Williams' response has impressed Norwood.
"Unfortunately, with injuries and things, his aspirations have been postponed, if anything," Norwood said. "He'll have his chance at the next level and he's done a great job of adjusting since his injury and trying to stick it through."
Butler, meanwhile, came to Penn State with little fanfare but has been the steadiest of the three. He led the team in receptions in 2005 and 2006 and topped the receiving yards chart last season.
The walk-on label remains with him, but he doesn't mind it.
"It definitely makes the story a lot better," he said. "A kid that didn't have a scholarship and has accomplished all the things I have. You can't really get mad at that."
Norwood was a familiar face around the program, and his roots in the game accelerated his development.
"A lot of things came pretty easy to me as far as just learning football, reading coverages, all the film work and scouting reports that we do each week," he said. "It's almost second nature."

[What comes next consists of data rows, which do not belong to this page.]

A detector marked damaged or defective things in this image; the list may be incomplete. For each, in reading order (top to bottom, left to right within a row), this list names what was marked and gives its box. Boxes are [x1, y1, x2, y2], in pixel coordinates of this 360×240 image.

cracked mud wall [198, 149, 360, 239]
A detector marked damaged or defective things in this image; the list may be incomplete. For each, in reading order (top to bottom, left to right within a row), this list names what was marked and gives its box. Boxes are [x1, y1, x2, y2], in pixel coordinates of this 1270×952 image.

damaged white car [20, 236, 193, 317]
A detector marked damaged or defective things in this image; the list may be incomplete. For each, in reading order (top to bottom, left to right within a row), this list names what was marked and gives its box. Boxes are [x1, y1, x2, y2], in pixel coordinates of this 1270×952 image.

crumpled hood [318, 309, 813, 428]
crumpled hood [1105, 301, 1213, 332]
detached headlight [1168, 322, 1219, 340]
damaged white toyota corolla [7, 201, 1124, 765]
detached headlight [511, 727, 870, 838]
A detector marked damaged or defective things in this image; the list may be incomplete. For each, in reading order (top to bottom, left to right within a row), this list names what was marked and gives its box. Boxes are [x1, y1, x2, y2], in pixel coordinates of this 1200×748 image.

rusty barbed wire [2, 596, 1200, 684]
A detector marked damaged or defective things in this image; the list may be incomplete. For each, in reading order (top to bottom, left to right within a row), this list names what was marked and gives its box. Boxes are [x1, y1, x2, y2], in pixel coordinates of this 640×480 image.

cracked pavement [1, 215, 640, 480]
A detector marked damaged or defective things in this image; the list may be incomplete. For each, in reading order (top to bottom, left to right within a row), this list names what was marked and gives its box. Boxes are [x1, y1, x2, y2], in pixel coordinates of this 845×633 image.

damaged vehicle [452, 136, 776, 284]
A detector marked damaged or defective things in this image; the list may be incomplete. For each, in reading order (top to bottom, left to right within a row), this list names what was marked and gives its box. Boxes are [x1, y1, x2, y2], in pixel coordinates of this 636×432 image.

The same can be said for playing alongside the other wideouts.
Butler (41) and Williams (40) own more career starts than any other Penn State players, and Norwood has three starts in each of the last four seasons. They have been through three starting quarterbacks -- Michael Robinson, Anthony Morelli and Daryll Clark -- and witnessed the highs and lows of the program since 2005.
"They've been doing it for their whole careers," said Michigan coach Rich Rodriguez, whose team faced the three receivers last week. "You're talking about guys that have made plays since the day they got on campus. ... It's a veteran group, and they play like it."
Added Purdue coach Joe Tiller: "Those three wide receivers have been starting at Penn State for seven or eight years, it seems like."
Norwood isn't concerned about the group's legacy right now, not with Ohio State coming up and a national championship to chase. But he recognizes that the experience he has shared with Butler and Williams doesn't happen often in college football and particularly at Penn State.
"It has been cool to grow up together on and off the field and learn together," Norwood said. "This is something that we'll remember for the rest of our lives."